3. Beneficial Effects

Compared with the related art, the present invention has the following advantages:

The present invention innovatively designs an LED display driver chip for ultra-high-density LED display, including a DAC small current precision module and a PAM and PWM adjustment unit, to implement a solution suitable for driving ultra-high-density LED display. In the present invention, a smaller and more precise drive current can be realized by the setting of a structure of the driver chip, and data including more information can be obtained according to the regulation of a digital signal.

In the present invention, the innovative structure is used for realizing a smaller current value in an LED display module, so that more drive outputs can be realized, and a grayscale level of LED display is adjusted with the adjustment of the digital signal.

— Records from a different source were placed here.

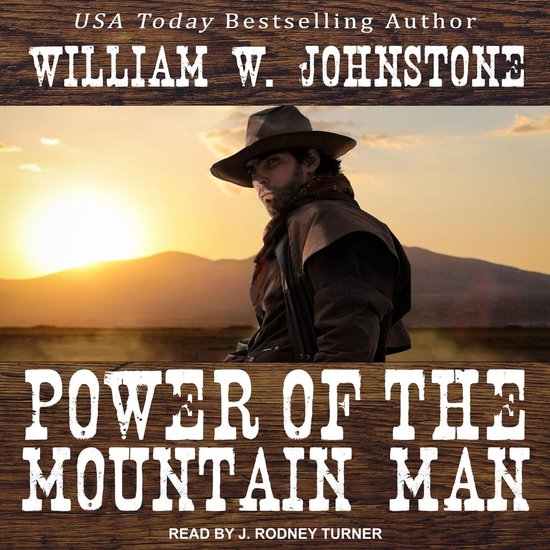 Power of the Mountain Man - cover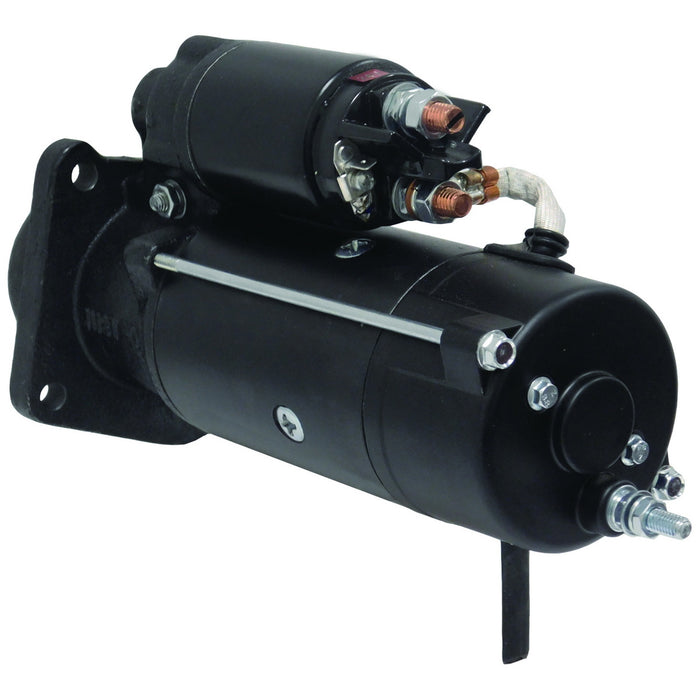 Starter Motor Compatible with Iskra / Letrika family, OE Ref - AZF4267, WAI - 33415N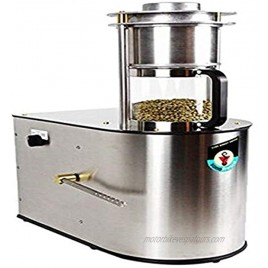 Sonofresco Profile Coffee Roaster 1- Pound Sample Roaster Natural Gas Brushed Stainless Steel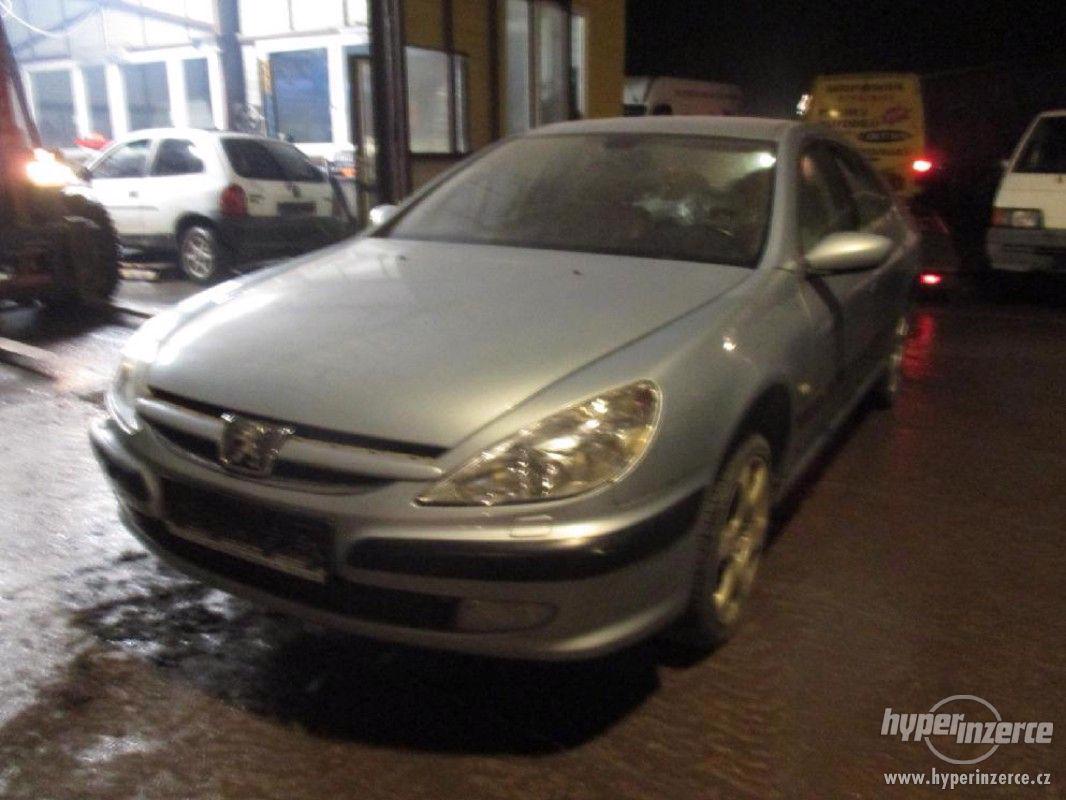 Prodám náhradní díly Peugeot 607 2,2 hdí - foto 1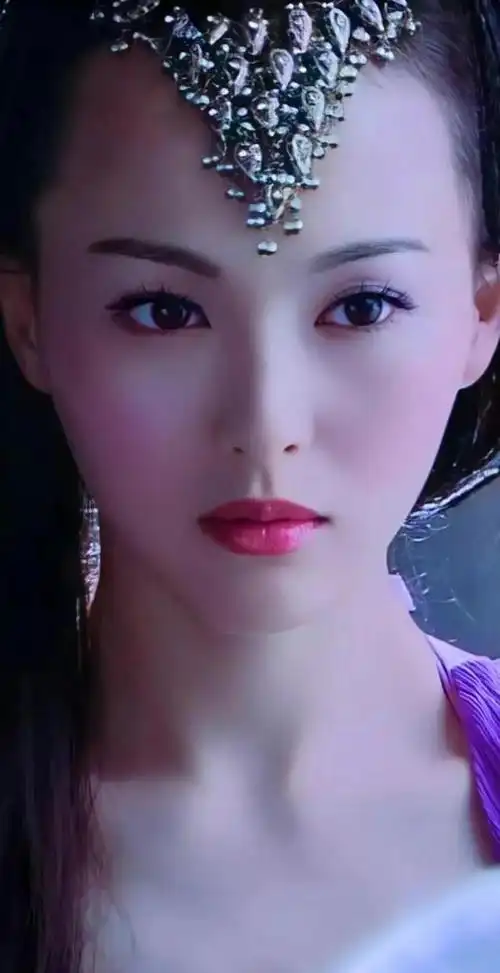 唐嫣的古装一直很让人惊艳古装照真的太惊艳了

The use of PAM is beneficial to resolve the problems of poor low-grayscale linearity and incomplete signal determination caused by conventional PWM, effectively improve a grayscale bit width, and achieve a better display effect, so that the performance of a refresh rate and the performance of a bit width can be considered simultaneously. The PAM and PWM of the present invention can be simultaneously adjusted, and the adjustment can be completed according to actual requirements.

Compared with the conventional LED display driver chip, the present invention is mainly oriented to the field of ultra-high-density LED display, that is, the field of a new LED mainly dominated by a Mini-LED. By using the chip structure described in the present invention, the ultra-high-density LED display effect can be significantly improved, and a better display effect can be achieved. In addition, units in the architecture can be adjusted or the digital signal can be set according to actual requirements, to realize more functions.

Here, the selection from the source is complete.